– Dr. Steffie Woolhandler is a co-founder of Physicians for a National Health Program, an organization of 17,000 doctors who support single-payer national health insurance. She is a professor of medicine at Harvard Medical School and co-director of the school’s General Internal Medicine Fellowship program. The views expressed are her own. —
President Obama, at today’s summit and in his proposal earlier this week, has embraced a deeply-flawed bill – the Senate bill – as his model for reform.
That bill would leave about 24 million people uninsured in the year 2019, according to the Congressional Budget Office. Leaving 24 million people without health insurance is neither “universal care” nor even serious reform. As my research team has recently shown, that 24 million uninsured people would translate into about 24,000 unnecessary deaths annually. As a doctor, I find that prospect completely unacceptable.
Sen. Harry Reid, in his opening remarks at the summit, cited our study about 45,000 deaths annually due to lack of insurance (with about 45 million currently uninsured). He also cited another recent study we published showing that 62 percent of bankruptcies are linked to medical bills and illness, and that three-quarters of those bankrupted had health insurance when they first got sick. But when it comes to a remedy, the senator – and the president, I regret to say – offer the wrong prescription.
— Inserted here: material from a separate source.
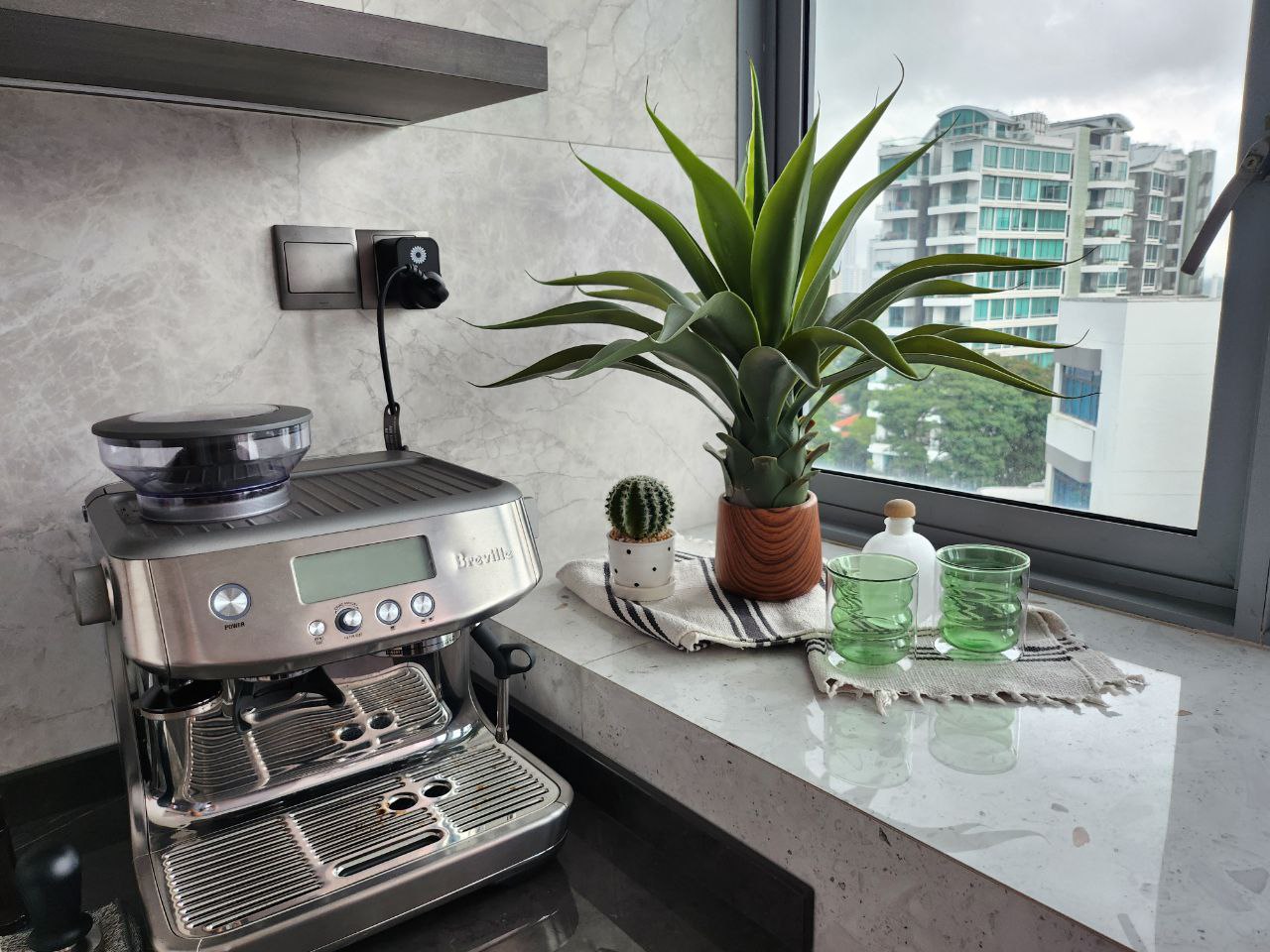 Home Decor Showcase: Green & Modern - Modern kitchen setup, stainless steel espresso machine, coffee grinder, coffee machine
Their proposal is based on handing over $440 billion in taxpayers’ money to the private health insurance industry, the cause of the problem in the first place. Their rationale is to subsidize purchase of the insurers’ shoddy policies, which are riddled with gaps like ever-increasing co-pays, deductibles and uncovered services. Decades of experience show that the private insurance industry can neither control health care costs, nor give American families the health coverage they need. Many states already regulate insurance premiums and coverage, so merely regulating private insurers is not the solution. Moreover, the Senate plan to send $440 billion into the coffers of the profit-driven insurance industry will give them even more financial and political power to block future reform.